Strewn across one of the desks are Ziploc sandwich baggies filled with photographs and meticulously typewritten labels with names and dates. Spilled across the floor are more photographs of his glamorous wife, Nan, and their friends, throughout the five decades of their marriage. Talese is beginning to classify his photographs for his new book, a history of his marriage, and the mess is part of the vast organizational project that marks the beginning of his research. Few writers research as thoroughly or ardently as Talese, who gives nine or ten years of his life to a book. He has records of every day—where he was, who he saw, and how he felt. The photographs will be correlated with those records and placed into files, organized by year. As one can tell by the collages decorating the file boxes, the record keeping is more than just boxes of notes; it’s the creative act itself. 

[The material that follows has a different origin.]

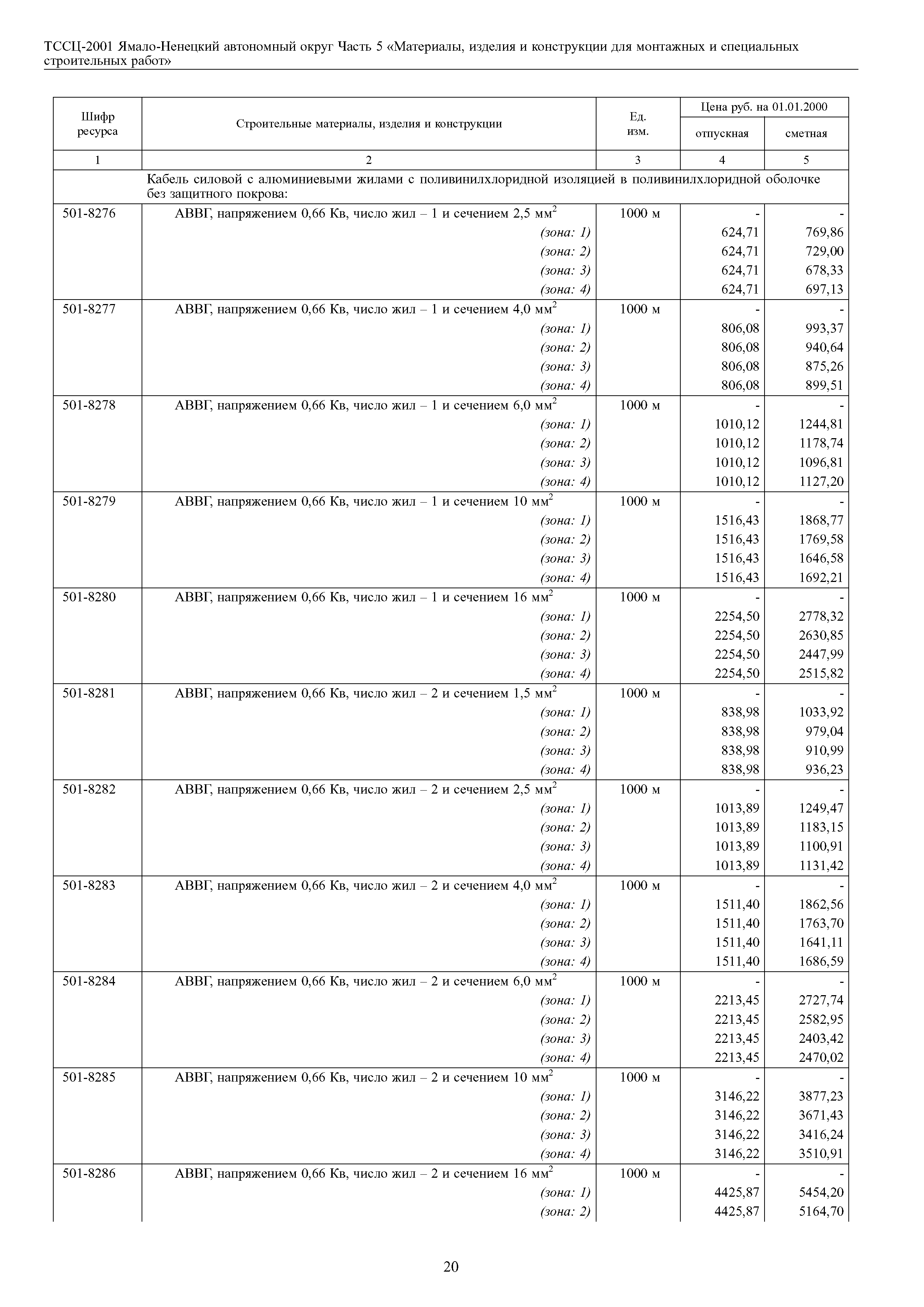 ТССЦ Ямало-Ненецкий автономный округ 05-2001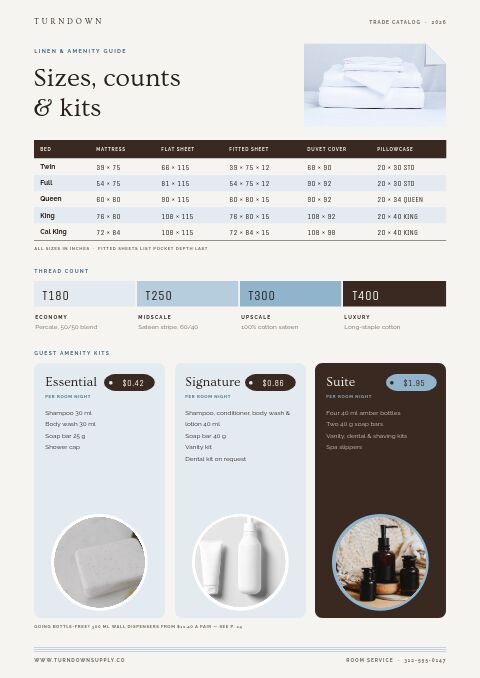 Hotel Supplies Premium — Size / Spec Guide page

Each time we meet, in the early afternoon after he has come up from the bunker, Talese is always beautifully dressed. He is so beautifully dressed that strangers will talk to him in the street, that waiters and hostesses in restaurants will want to do things for him, like find a special place to put his hat. Talese’s father was a tailor, his mother ran a successful dress shop, and he says his first idea of how to be special was through clothing. His suits are made by a tailor in Paris, whose father trained his father. When Talese tells me that he sometimes goes to the gym in the afternoon I am tempted for a moment to ask what he wears, but I don’t want to blur or complicate the image of him—bespoke suit, vest, pocket square, colored shirt with a white collar, cuff links—that I have in my head. 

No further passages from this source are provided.